Látigo y cascabel
«Basta para ser grande, intentar lo grande». La extraordinaria frase de nuestro Apóstol la descubrí acompañando la excelente instantánea engrandecida del colega Gabriel Dávalos. Allí, en la valla que marca la esquina capitalina que forman la Avenida Rancho Boyeros y Tulipán, el espectacular bailarín principal Osciel Gounud, con la emblemática Plaza de la Revolución de fondo, regala un salto que luce infinito.
Por esas jugarretas de la mente, la imagen, arte fotográfico de altura, me hizo pensar en la grandeza de esta pequeña Isla, capaz no solo de sostener una compañía de clase mundial, como la que dirige la prima ballerina assoluta Alicia Alonso, sino también de conseguir que este pueblo la haga suya; este pueblo que se sabe con el derecho de apreciar y disfrutar del quehacer de una probada y peculiar escuela que floreció tan lejos de la vieja Europa.
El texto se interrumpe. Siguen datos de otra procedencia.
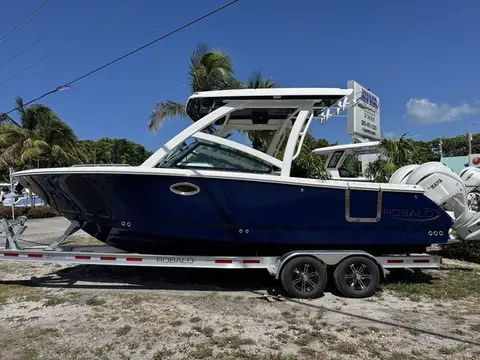 2026 Robalo R257 Dual Console, photo 1 in Key Largo, FL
Enrolado en mis meditaciones, la hermosa valla (¡qué genial que el gran diseño reinara siempre en ellas!) también me conectó con un reciente encuentro con uno de esos seres que parece que inventaron el arte y la danza: Carlos Acosta. Justo el día en que la Asociación Hermanos Saíz se privilegió acercándolo a su seno como Miembro de Honor.
Entonces, rodeado de creadores, Acosta, a pesar de sus éxitos interminables, se lamentaba de no haber aprovechado al máximo todas las oportunidades que se le habían presentado en su primera juventud. Le tomó 25 años, según confesó, «beberse» de un tirón el primer libro, que resultó ser El guardián entre el centeno, de J. D. Sallinger. Después se convirtió en un lector voraz.
Admito que me llamó la atención percibir ciertos cruces de miradas fugaces, como sorprendidas. Como si lo que acabaran de oír no podía ser cierto para alguien que ha demostrado tanta sensibilidad, mientras ante mis ojos este creador se remontaba, aun más, a alturas «inalcanzables».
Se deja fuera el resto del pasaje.